The median age in the village was 50.2 years. 21.9% of residents were under the age of 18; 0.7% were between the ages of 18 and 24; 21% were from 25 to 44; 26.5% were from 45 to 64; and 29.8% were 65 or older. The gender makeup of the village was 43.8% male and 56.2% female.

===2000 census===
At the 2000 census, there were 244 people, 122 households, and 67 families in the village. The population density was 1,000.6 PD/sqmi.
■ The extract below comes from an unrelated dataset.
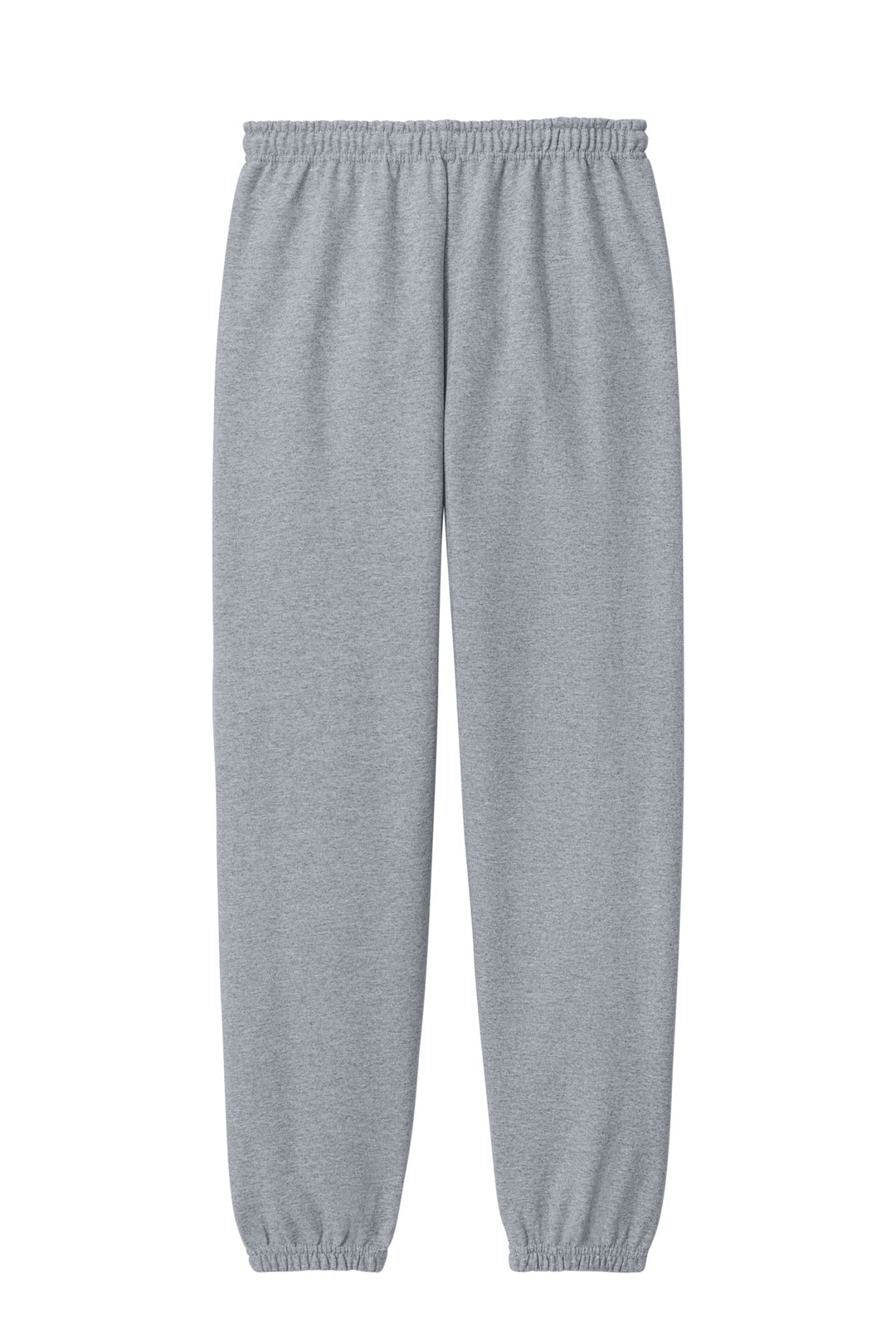 Rear View of Sport Grey Gildan Heavy Blend Sweatpant. 18200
There were 157 housing units at an average density of 643.8 /sqmi. The racial makeup of the village was 100.00% White. Hispanic or Latino of any race were 1.64% of the population.

There were 122 households, of which 18.0% had children under the age of 18 living with them, 49.2% were married couples living together, 6.6% had a female householder with no husband present, and 44.3% were non-families. 42.6% of households were one person and 27.9% were one person aged 65 or older. The average household size was 2.00 and the average family size was 2.75.
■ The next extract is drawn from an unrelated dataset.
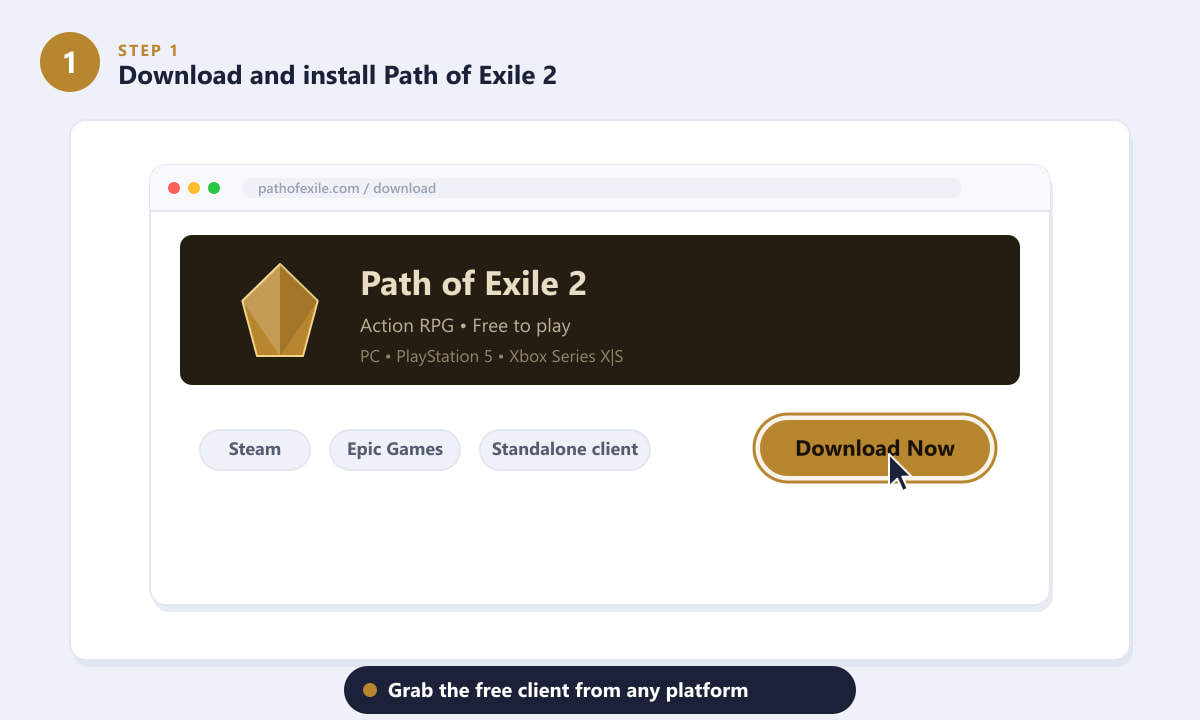 Downloading Path of Exile 2 for free from Steam, Epic Games, or the standalone client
The age distribution was 20.9% under the age of 18, 4.1% from 18 to 24, 18.4% from 25 to 44, 22.5% from 45 to 64, and 34.0% 65 or older. The median age was 52 years. For every 100 females, there were 84.8 males. For every 100 females age 18 and over, there were 80.4 males.
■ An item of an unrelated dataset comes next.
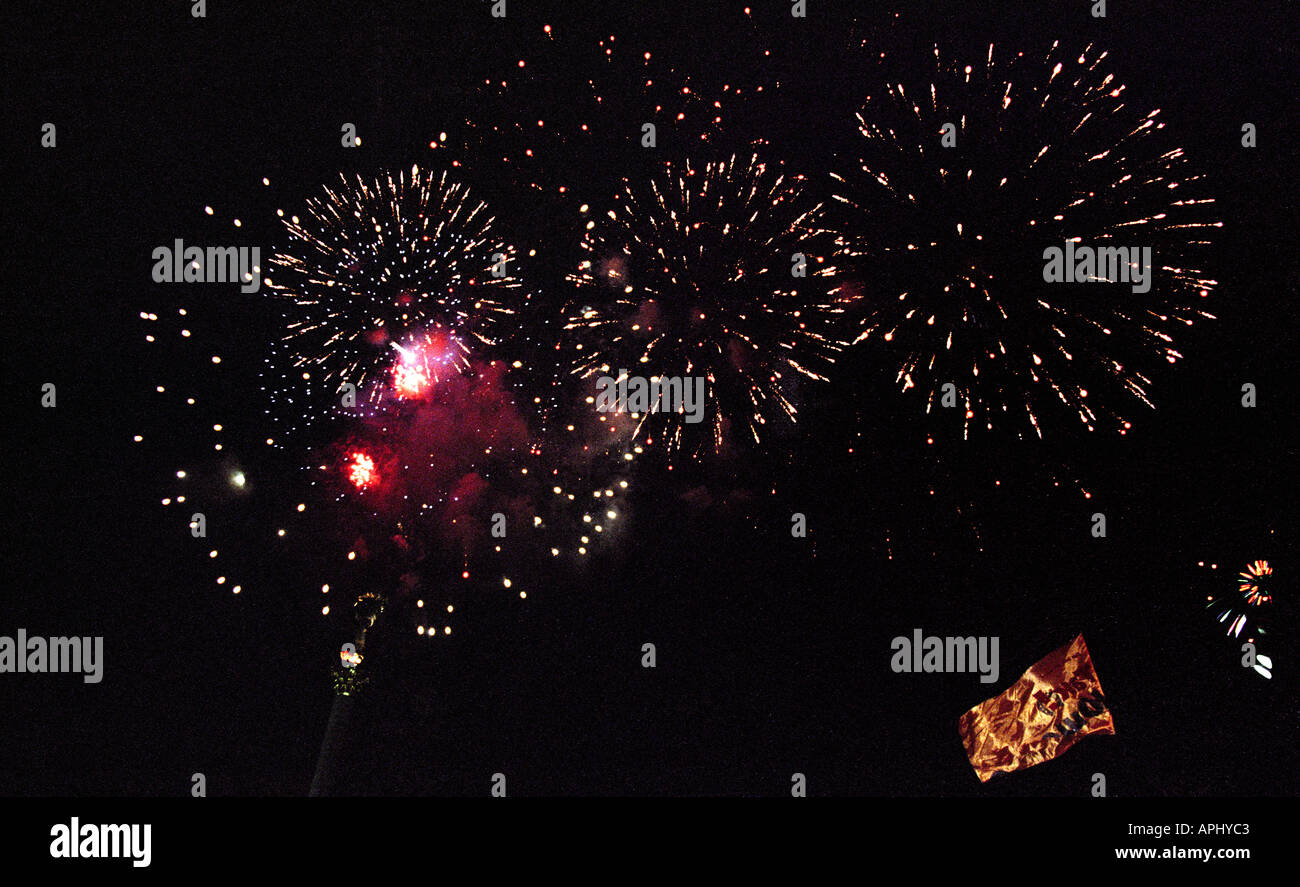 Révolution Orange, Nezaleznosty Maydan, Iouchtchenko, l'Ukraine, l'Ukraine, Kiev, Kiev, 2004, Timoshenko, Ianoukovitch, salue la démocratie Banque D'Images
The median household income was $19,479, and the median family income was $26,389. Males had a median income of $16,406 versus $19,063 for females. The per capita income for the village was $11,851. About 26.3% of families and 32.8% of the population were below the poverty line, including 62.0% of those under the age of eighteen and 19.5% of those sixty five or over.